→ **DATA EXTRACTS**

◇ ◇ ◇ ◇

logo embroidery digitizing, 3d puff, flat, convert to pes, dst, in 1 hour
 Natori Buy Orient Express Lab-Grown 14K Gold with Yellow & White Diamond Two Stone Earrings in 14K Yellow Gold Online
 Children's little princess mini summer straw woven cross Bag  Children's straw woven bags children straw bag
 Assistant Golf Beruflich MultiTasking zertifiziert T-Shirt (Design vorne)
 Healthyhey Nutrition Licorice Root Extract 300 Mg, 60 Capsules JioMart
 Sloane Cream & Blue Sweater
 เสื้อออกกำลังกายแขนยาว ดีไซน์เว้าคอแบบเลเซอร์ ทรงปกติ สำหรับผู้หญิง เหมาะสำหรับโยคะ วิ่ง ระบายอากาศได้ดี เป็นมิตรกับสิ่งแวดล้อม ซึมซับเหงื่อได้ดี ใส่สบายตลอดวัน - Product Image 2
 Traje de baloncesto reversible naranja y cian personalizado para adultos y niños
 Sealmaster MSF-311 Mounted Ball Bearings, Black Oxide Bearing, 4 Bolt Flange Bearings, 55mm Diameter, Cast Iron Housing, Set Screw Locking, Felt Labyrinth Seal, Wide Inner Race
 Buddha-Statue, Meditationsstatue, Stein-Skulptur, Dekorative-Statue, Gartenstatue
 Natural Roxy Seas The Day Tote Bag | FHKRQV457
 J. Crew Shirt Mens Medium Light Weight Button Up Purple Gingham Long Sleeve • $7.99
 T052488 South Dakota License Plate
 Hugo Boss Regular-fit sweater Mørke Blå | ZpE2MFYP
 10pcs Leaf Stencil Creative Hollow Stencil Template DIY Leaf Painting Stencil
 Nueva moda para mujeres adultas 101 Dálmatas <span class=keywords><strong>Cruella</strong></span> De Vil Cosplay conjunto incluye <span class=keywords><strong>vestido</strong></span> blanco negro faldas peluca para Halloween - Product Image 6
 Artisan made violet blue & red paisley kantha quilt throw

◇ ◇ ◇ ◇

→ **REQUIRED ACTION**
Scan the listing above and identify each line holding the string "Shirt"; copy every such line.

→ **YOUR SOLUTION**
 Assistant Golf Beruflich MultiTasking zertifiziert T-Shirt (Design vorne)
 J. Crew Shirt Mens Medium Light Weight Button Up Purple Gingham Long Sleeve • $7.99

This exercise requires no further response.